Ewa Dziedzic sei sehr offen mit ihrer sexuellen Orientierung umgegangen und habe auch in Kauf genommen, dass sich viele polnische Menschen von ihr abgewendet hätten. „Auf der anderen Seite bin ich so selbstbewusst damit umgegangen, dass sehr viele wieder auf mich zugekommen sind. Ich werde mit meiner Lebensgefährtin überall eingeladen. Und es ist keine Selbstverständlichkeit, dass ein lesbisches Pärchen auf einen polnischen Ball geht.“ Das seien die 20-jährige Arbeit und eine große Portion Selbstbewusstsein gewesen, sagt sie. „Ich bin auch in Polen geoutet. Die meisten Menschen haben nicht den Luxus, dass sie sich überall outen können und das gut überstehen. Viele sind auf ihre Herkunftscommunity angewiesen, weil sie die mentale Unterstützung brauchen oder sie ökonomisch an den Familienclan angebunden sind. Die Familie sowie die Herkunftscommunity sind für die meisten Migrantinnen und Migranten sehr wichtig, weil sie ihnen Halt geben, der von der Mehrheitsgesellschaft meist nicht garantiert ist. Sehr viele tun sich deshalb sehr schwer und wählen den Weg, ein Doppelleben zu führen“, führt Ewa Dziedzic aus.
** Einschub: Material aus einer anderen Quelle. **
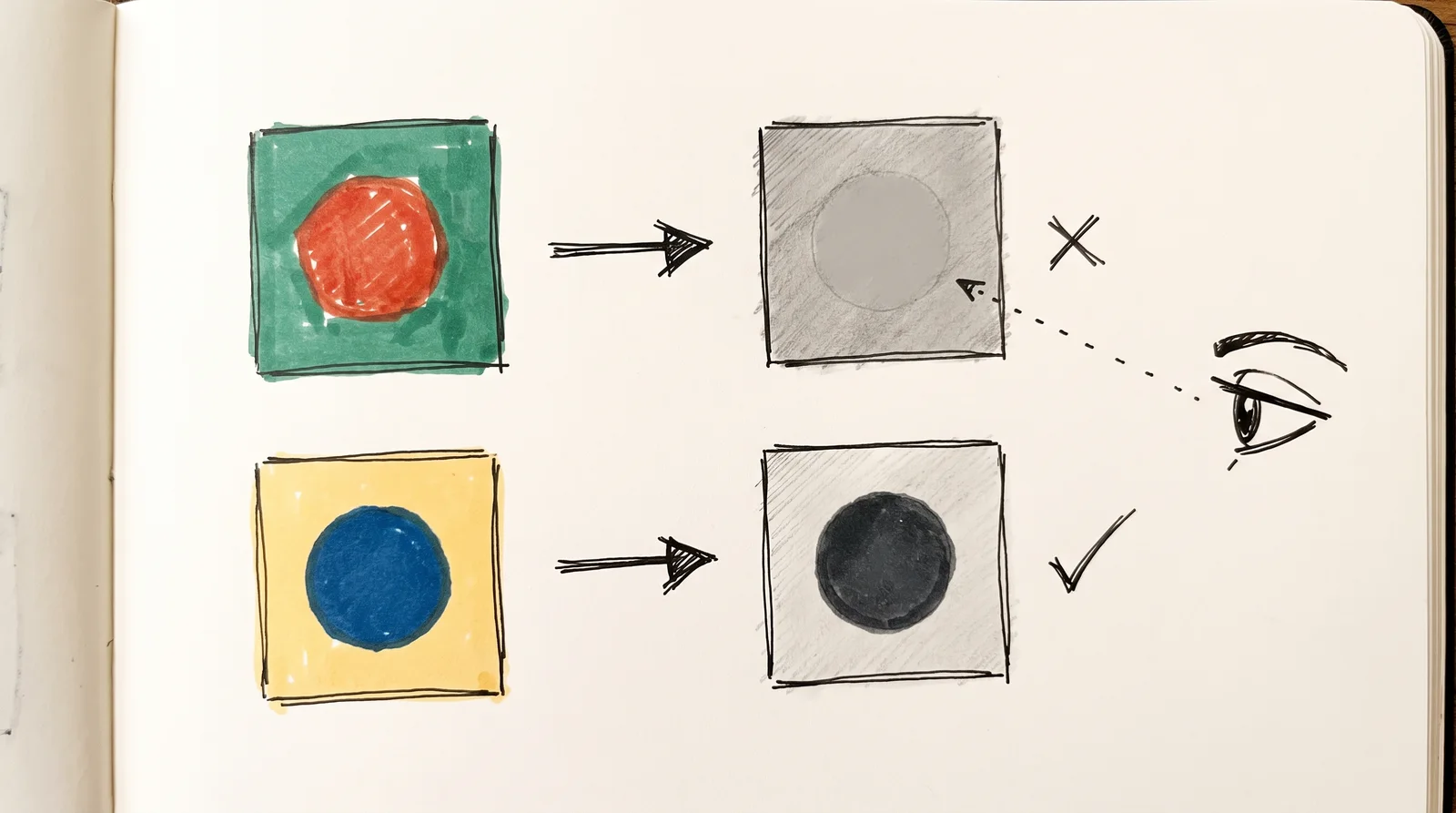 Two coloured cards, a red circle on green and a dark blue circle on pale yellow, each shown beside a grey copy where the red circle disappears and the blue one stays clear.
In Syrien wie auch im Libanon sei kein Coming-out möglich, sagt Fedaa Alarnaoot im Interview. Den Menschen würden Gefängnisstrafen von sechs Monaten bis zu drei Jahren drohen. Die LGBTIQ+ Community kommuniziere im Untergrund über soziale Medien. „Man muss aber enorm aufpassen. Wenn das irgendjemand herausfindet, dann bekommt man selbst und auch die Familie sehr viele Probleme“, weiß Fedaa Alarnaoot. In Österreich fühlt sich Alarnaoot frei, da er offen über seine Sexualität sprechen kann. Kontakt zur syrischen Community habe er jedoch kaum noch. Dass auch in der Migrationscommunity, wie etwa in der türkischen oder serbischen, viele ein Doppelleben führen, weiß Marty Huber von der „Queer Base“. „Es geht um die gemeinsame Sprache, um die gemeinsame Kultur. Aber die Menschen trauen sich meist nicht, sich zu outen“, sagt Huber.